*Data supplied:*

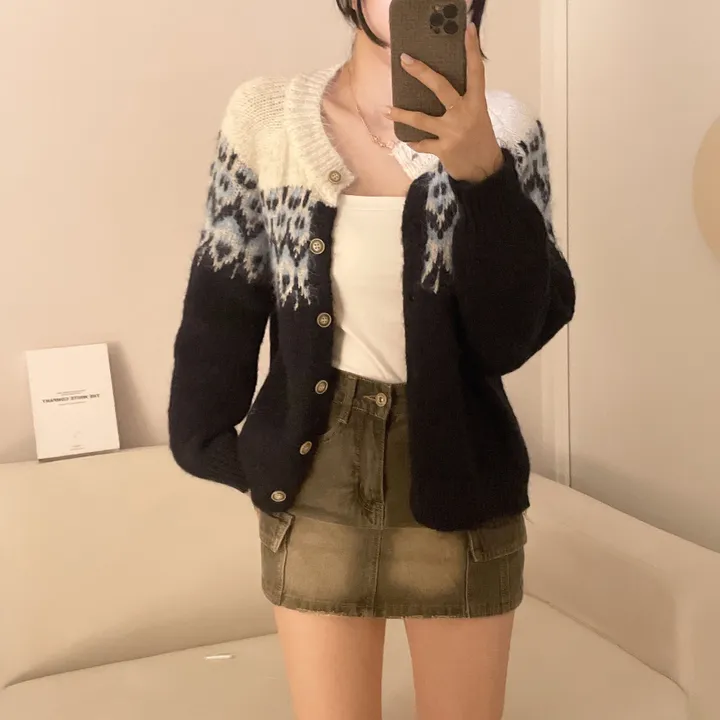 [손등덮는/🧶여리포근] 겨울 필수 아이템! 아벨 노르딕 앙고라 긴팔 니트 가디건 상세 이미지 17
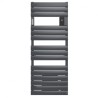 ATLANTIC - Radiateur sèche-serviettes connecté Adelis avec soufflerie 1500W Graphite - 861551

==

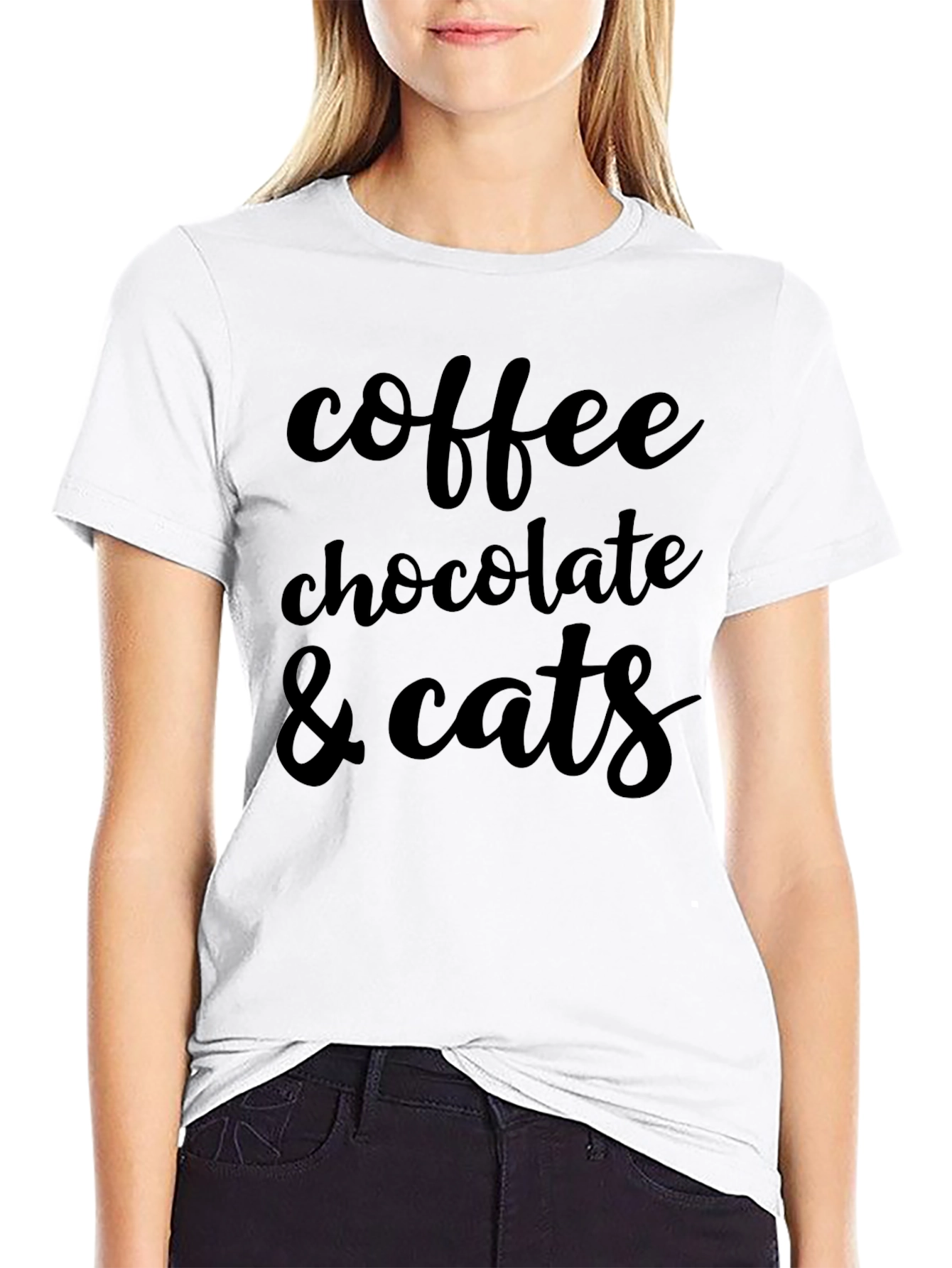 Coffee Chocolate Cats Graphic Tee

---

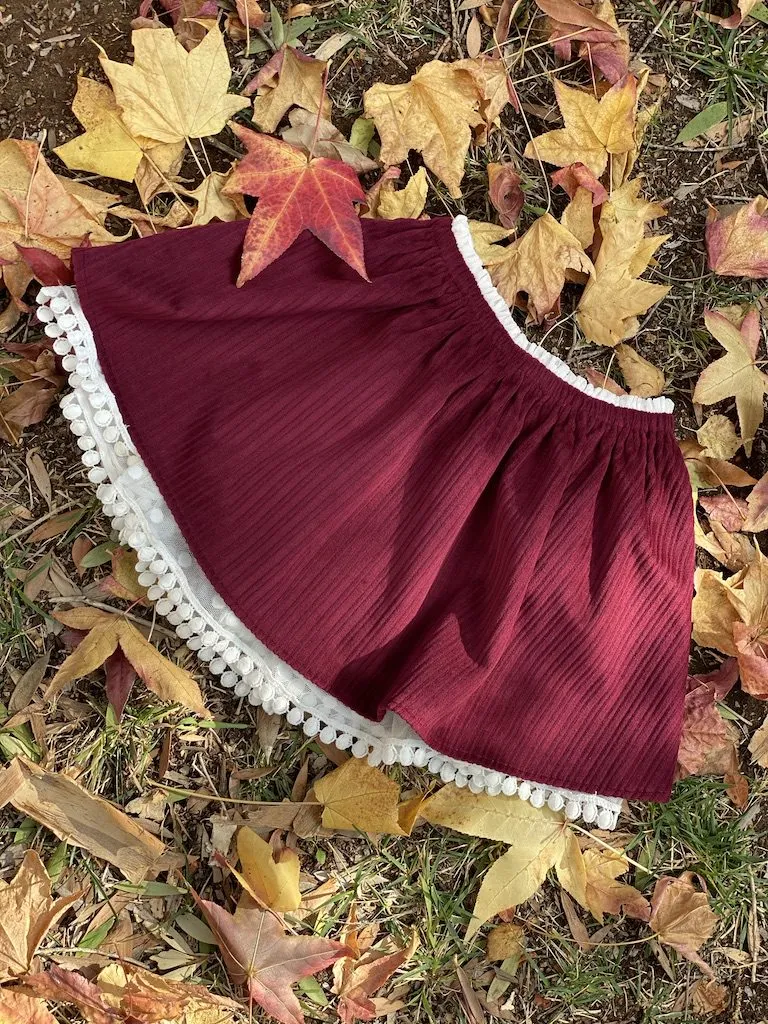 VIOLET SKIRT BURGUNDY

*What you are asked to do:*
Since the pictures are not part of the copy, please transcribe only the lines above from the one with "[손등덮는/🧶여리포근] 겨울 필수" through the one with "ATLANTIC - Radiateur", exactly and with both ends.

*The answer:*
 [손등덮는/🧶여리포근] 겨울 필수 아이템! 아벨 노르딕 앙고라 긴팔 니트 가디건 상세 이미지 17
 ATLANTIC - Radiateur sèche-serviettes connecté Adelis avec soufflerie 1500W Graphite - 861551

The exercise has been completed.